In the paper, we run a minimax concept erasure game in kernel space, in which we aim to prevent a given kernel classifier from reconstructing a given concept (e.g. gender) from neural representations.
Our method is based on applying Nystrom feature mapping to approximate the kernel features, following by the adversarial formulation presented in the papr Linear Adversarial Concept Erasure (RLACE).
The file run_kernels.py' contains the function
calc_nystrom' to calculate the nystrom features for a given kernel, and the function calc_preimage_nystrom_mse' that calculates an approximate preiamge of the clean features in kernel space (after the removal of, e.g., gender-encoding features). The file
relaxed_inlp.py' contains an implementation of the RLACE algorithm that we run over the nystrom features.
We rely on the package MKLpy for multiple kernel learning.

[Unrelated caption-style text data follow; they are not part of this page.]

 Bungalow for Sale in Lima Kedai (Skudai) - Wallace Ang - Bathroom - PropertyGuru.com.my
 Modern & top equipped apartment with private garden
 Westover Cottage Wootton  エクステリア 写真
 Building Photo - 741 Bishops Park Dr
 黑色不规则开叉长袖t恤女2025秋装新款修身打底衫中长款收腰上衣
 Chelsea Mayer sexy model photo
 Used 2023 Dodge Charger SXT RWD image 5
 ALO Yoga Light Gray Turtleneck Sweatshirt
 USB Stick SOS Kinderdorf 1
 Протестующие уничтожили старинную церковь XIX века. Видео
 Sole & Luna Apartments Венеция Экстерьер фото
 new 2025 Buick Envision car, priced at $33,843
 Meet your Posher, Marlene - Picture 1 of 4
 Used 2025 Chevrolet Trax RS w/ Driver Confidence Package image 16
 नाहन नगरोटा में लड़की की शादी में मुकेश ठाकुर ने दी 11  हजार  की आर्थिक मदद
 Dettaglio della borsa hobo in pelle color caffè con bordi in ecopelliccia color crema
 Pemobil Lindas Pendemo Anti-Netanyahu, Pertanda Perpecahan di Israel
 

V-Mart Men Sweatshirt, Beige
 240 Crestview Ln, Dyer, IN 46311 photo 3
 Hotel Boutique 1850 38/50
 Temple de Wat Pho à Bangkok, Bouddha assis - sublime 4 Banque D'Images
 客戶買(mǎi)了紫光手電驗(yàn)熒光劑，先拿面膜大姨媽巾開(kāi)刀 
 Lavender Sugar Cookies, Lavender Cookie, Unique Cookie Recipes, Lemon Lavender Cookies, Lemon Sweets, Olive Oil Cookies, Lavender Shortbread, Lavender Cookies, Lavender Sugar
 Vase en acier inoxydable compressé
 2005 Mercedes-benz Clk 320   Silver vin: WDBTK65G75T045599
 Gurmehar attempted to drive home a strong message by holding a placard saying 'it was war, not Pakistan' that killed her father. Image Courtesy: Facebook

First, run the file `run_kernels.py' in order to calcualte the nystrom mapping, run the RLACE algorithm, and store the approximate preimage features:
python3 run_kernels.py --run_id 1 --mode glove --device 0 --normalize 1
Then, run the script `eval_kernels.py' in order to train new kernel adversaries over the preimage features, and record their performance.
python3 eval_kernels.py --run_id 1 --normalize 1
The notebook eval_kernels.ipynb' collects the accuracies of the different kernel adversaries and generates the accurcy tabels in the paper. The notebook
additional_analysis.ipynb' contains a semantic analysis of the clean preimage vectors -- specifically, WEAT, closet-neighbors test and visualization.